What actually happens to the stuff we donate to thrift stores
As the holidays often remind us, Americans are swimming in stuff, and when our closets and garages are suitably jam-packed, we simply seek out more space.
“In some communities, not all of them, the price that people pay to store their stuff in storage lockers, on a square foot basis, is higher than what they pay for rent,” said journalist Adam Minter, author of the new book Secondhand: Travels in the New Global Garage Sale.
But many of us clean out our closets and drop off bags of unwanted things at thrift shops. We leave with a virtuous glow, feeling satisfied that our things won’t end up in a landfill. But what happens to your stuff after you drive away? Minter says it’s complicated, something he learned after traveling around the world to learn about what happens to these donations.
“The hard truth is that only about one third of the stuff that’s donated to a thrift store in the United States or Canada actually sells off its retail shelves,” said Minter. “The rest of it enters into this very complex world where it still ends up in foreign markets where people are really coveting this kind of stuff. But the problem is, the stuff that we are buying these days, the fast fashion, the low-cost furnishings like IKEA really don’t have a secondary market.”
So a lot of it does end up in a landfill. Best case scenario, our unwanted stuff will be shipped abroad to places like Ghana and Nigeria, which is both environmentally and economically sound.

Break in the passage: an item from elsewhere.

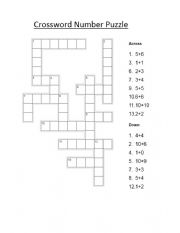 English Worksheet: Crossword Number Puzzle
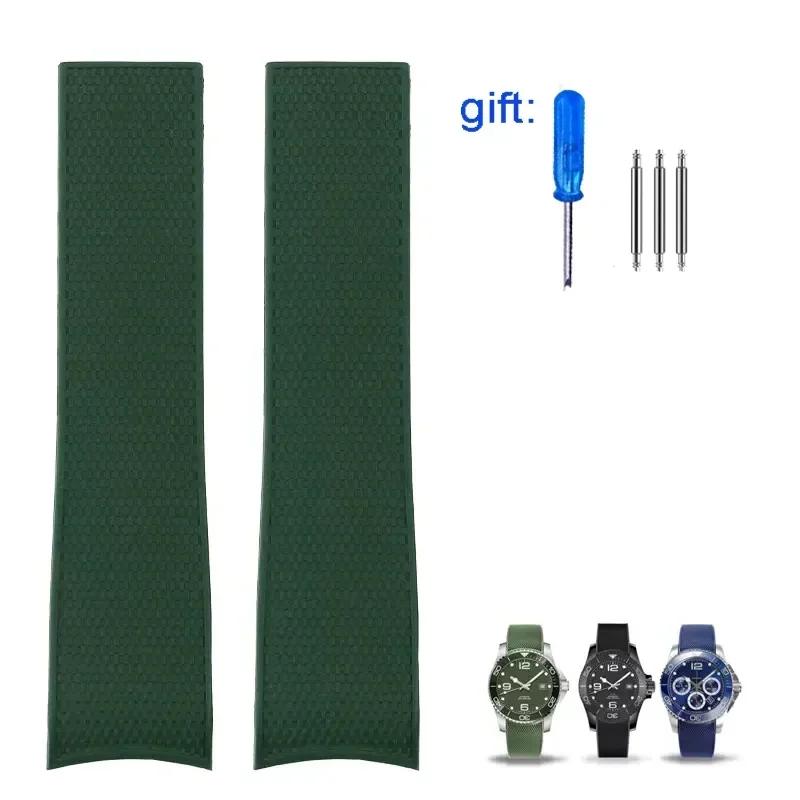 Curved End Rubber Watch Strap for Longines Conquest HydroConquest L3.781 642 742 782 Sports Diving Silicone Blue Watchbands 21mm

Minter writes that in West Africa, electronic shops are more common than Starbucks in Manhattan. They’re fixing our old cell phones and televisions and selling them at prices people there can afford. But that repair culture no longer exists in the United States, where it’s cheaper to buy a new item than get the old one repaired.
So, how can we make an impact?
“In the book I make a couple of suggestions. One is something that’s starting to be done in Europe called durability labeling,” Minter described. “Manufacturers know, generally, how long their products are designed to last. And that goes for anyone who makes a smart phone or even people who make textiles. They know how many washes that garment is supposed to last. What’s been tested in Europe is the idea that the manufacturers should be required to put a tag on new products saying how long something is supposed to last.”
“What they found, and there have been very good studies on this, is that if you give consumers that kind of information, they’re often times going to buy the more durable, longer lasting product even if it costs marginally more,” he continued. “The other thing we can look at is something called a ‘Right To Repair’ law. The idea is that companies that make stuff should have to make all of the repair manuals available online to anyone who wants it. Right now, if I put a repair manual for my iPhone on the Internet, I can be sued for copyright violations.”
Outdoor clothing retailer Patagonia is making an effort to buck the fast fashion trend with a program that benefits the environment, their customers, and the company’s bottom line.
“What they’re doing is accepting used Patagonia garments that their customers bring in. They give their customers a store credit,” said Minter. “Then Patagonia cleans them up; if it’s just a small repair they will fix them up, and then they put them back out on the shelves to resell it. There is good demand for it, giving consumers who can’t afford new Patagonia — let’s face it, Patagonia is expensive, (this is an) opportunity to get into the brand at a lower price point.”
Minter got the idea to write this book after his mother passed away.
“Everybody walks away from cleaning out a relatives house saying, ‘I’m not going to do this to my kids.’ I think that’s going to be a growing movement.”
After cleaning out his mother’s home he felt extremely motivated to consume less and he predicts other people in his generation and younger will feel the same way.